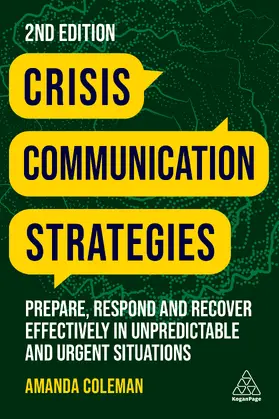 Coleman |  Crisis Communication Strategies | eBook | Sack Fachmedien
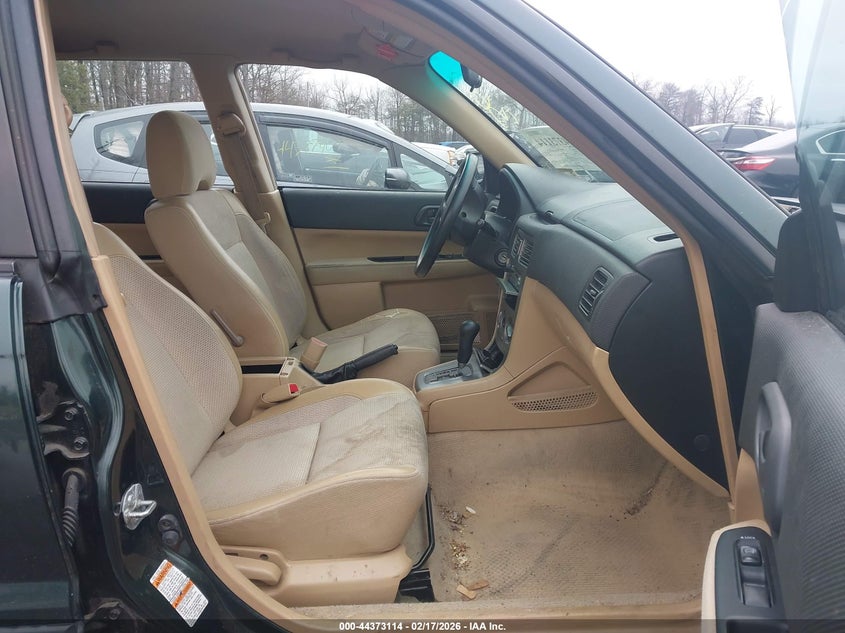 2004 Subaru Forester 2.5X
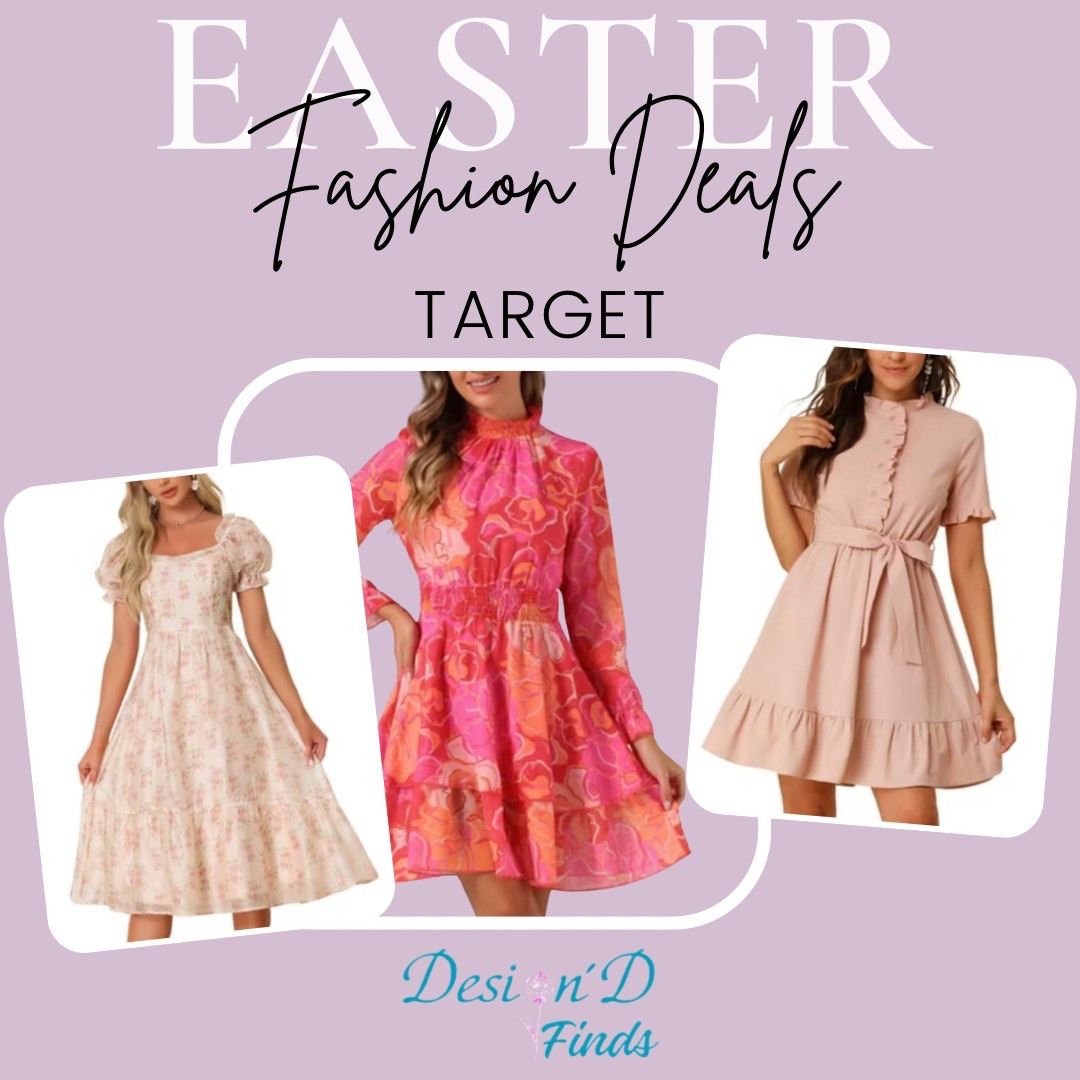 Don’t miss out on these stunning Easter dresses from Target—on sale for a limited time!

#target #sale #springfashion #dresses #easter #easterdresses

#LTKSeasonal #LTKSaleAlert #LTKStyleTip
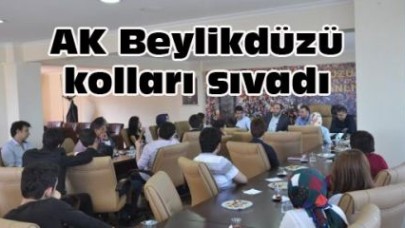 AK Beylikdüzü kolları sıvadı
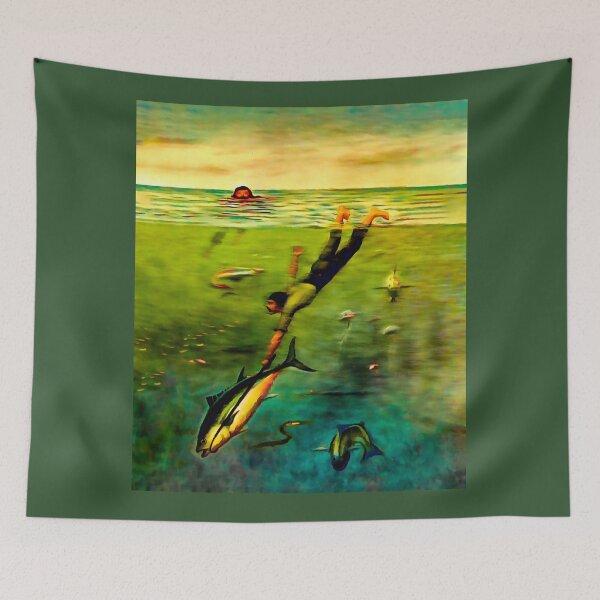 Item preview, Catching a Bluefin Tuna designed and sold by PictureNZ.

+---+

» WHAT YOU SHOULD DO: Starting at the line that contains "Don’t miss out", transcribe each line through the last one of the entries above, exactly and without pictures.

» EXERCISE SOLUTION:
 Don’t miss out on these stunning Easter dresses from Target—on sale for a limited time!

#target #sale #springfashion #dresses #easter #easterdresses

#LTKSeasonal #LTKSaleAlert #LTKStyleTip
 AK Beylikdüzü kolları sıvadı
 Item preview, Catching a Bluefin Tuna designed and sold by PictureNZ.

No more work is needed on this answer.